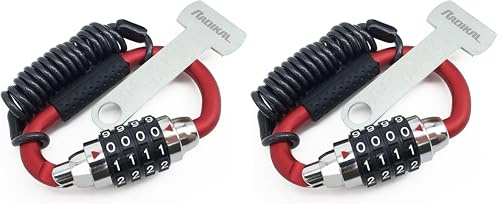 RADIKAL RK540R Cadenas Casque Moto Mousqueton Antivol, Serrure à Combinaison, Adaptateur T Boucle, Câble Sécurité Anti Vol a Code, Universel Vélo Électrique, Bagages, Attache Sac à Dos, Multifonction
* * *
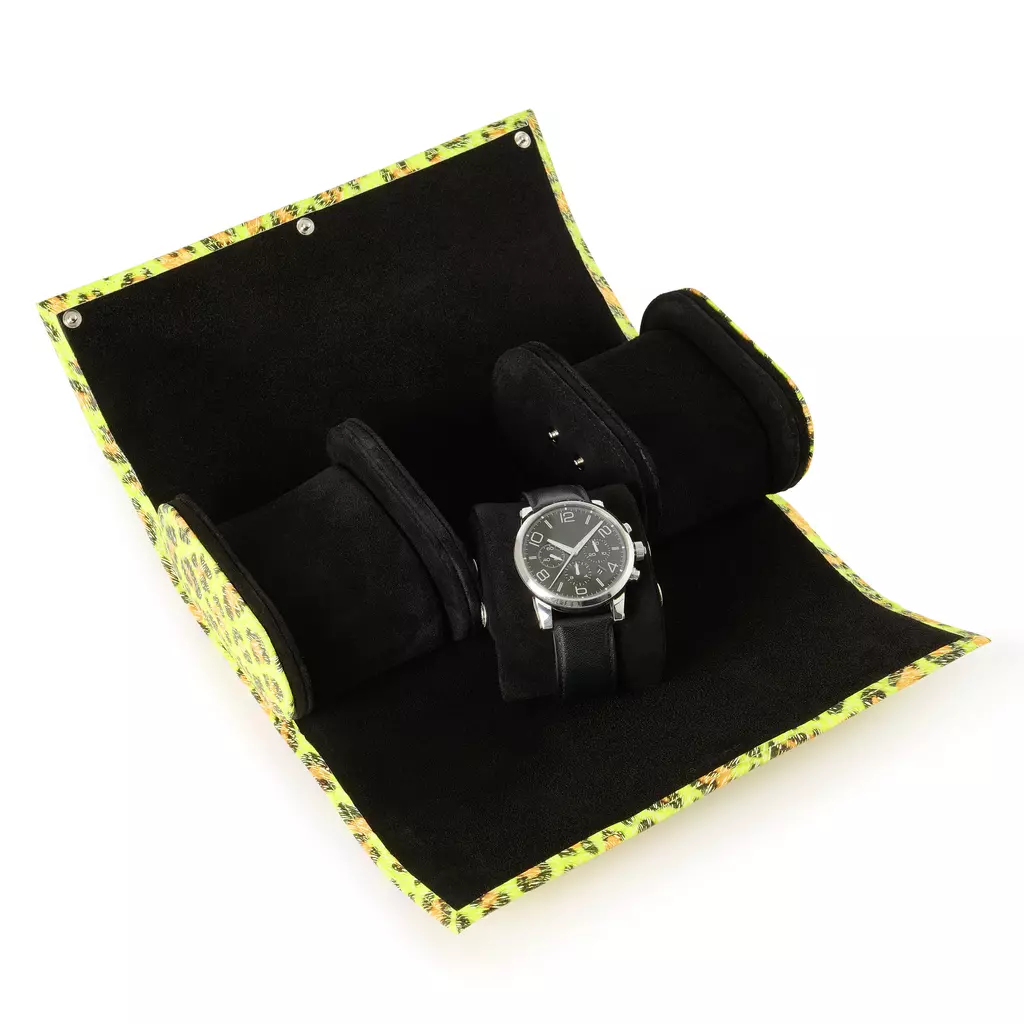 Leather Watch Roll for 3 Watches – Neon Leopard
...
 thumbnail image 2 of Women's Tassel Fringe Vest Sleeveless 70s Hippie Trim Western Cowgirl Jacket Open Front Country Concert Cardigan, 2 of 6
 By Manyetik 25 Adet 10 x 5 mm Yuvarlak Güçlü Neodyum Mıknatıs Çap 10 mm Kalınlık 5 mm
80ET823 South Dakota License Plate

Required work: In the listing above, find the line with "By Manyetik 25" and the line with "80ET823 South Dakota License Plate", then print exactly those two lines and every line between them, and nothing more.

Solved exercise:
 By Manyetik 25 Adet 10 x 5 mm Yuvarlak Güçlü Neodyum Mıknatıs Çap 10 mm Kalınlık 5 mm
80ET823 South Dakota License Plate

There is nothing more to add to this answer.